Coexistence of four artistic styles
The campaign offers a cross-cutting approach to each of the themes addressed. This multi-angled perspective is provided by four teams of illustrators, contributing their art, with different styles expressing diversity and which enable the campaign to run without becoming repetitive for the public.
The illustrations referring to the beaches show the adventures of Homo Beach, a being who has evolved into somebody who respects the seafront environment and values the well-being of those he shares it with. The chosen author is Javi Royo, a specialist in wit who delivers a direct message via simple sketching, using black and white to contrast with people’s colourful concept of summer and the beach.
The fresh and offhand style of the illustrators Cachetejack transport us to neighbourhood festivals, with local residents taking to the streets and activities filling days and public spaces. The season for local festivals needs people to get along together and the society depicted by Cachetejack conveys delicate messages with strong and assertive touches. This is achieved through urban language and illustrations using a combination of colours.

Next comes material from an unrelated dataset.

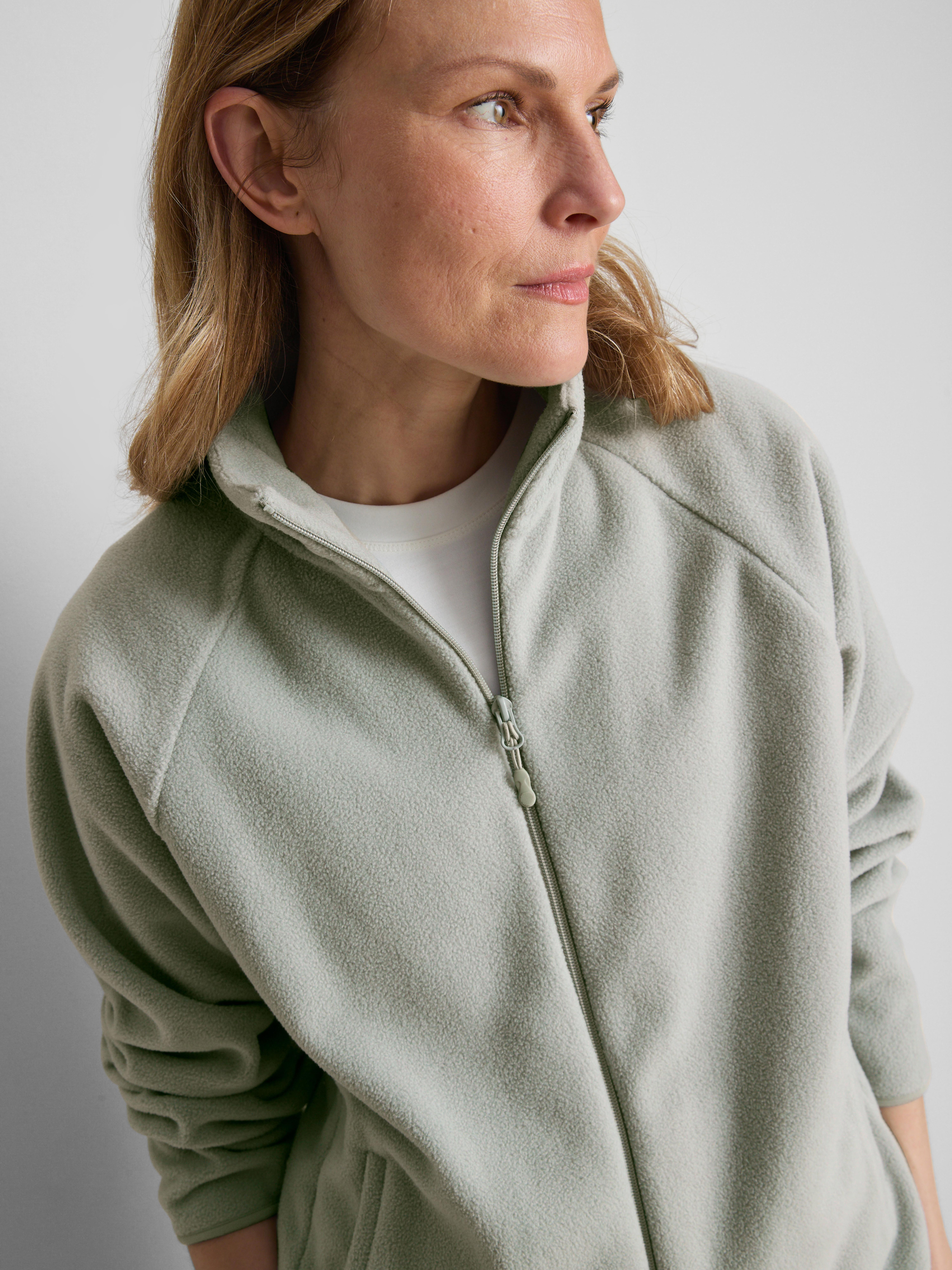 Zip-Up Funnel Neck Fleece - Light Green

Juanjo Sáez is a critical author with a highly personal style, the perfect illustrator for breaking away from traditional conventions and appealing to the public in relation to cleanliness. His pieces are direct and offhand, the combination of illustration and text giving them meaning and resulting in a communication which lays no guilt trips or blame at the door of local residents, but rather promotes the acquisition of good habits a as way of getting on with and respecting others.
The elegant and serious style of Miguel Montaner conveys clear and direct messages in relation to daily coexistence: taking out the rubbish at the right time of day, looking after urban furniture and enjoying one’s liberty without infringing on other people’s. The highly conceptual illustrations which result from this approach offer various messages in a single image, an easily understandable resource to transmit to the public.
The diversity of styles and messages are linked together with the icon #B, created by the designer Andrés Requena and serving as a common element for people to identify the campaign during the year it will run. Laura Tatché was responsible for the texts relating to the different themes addressed.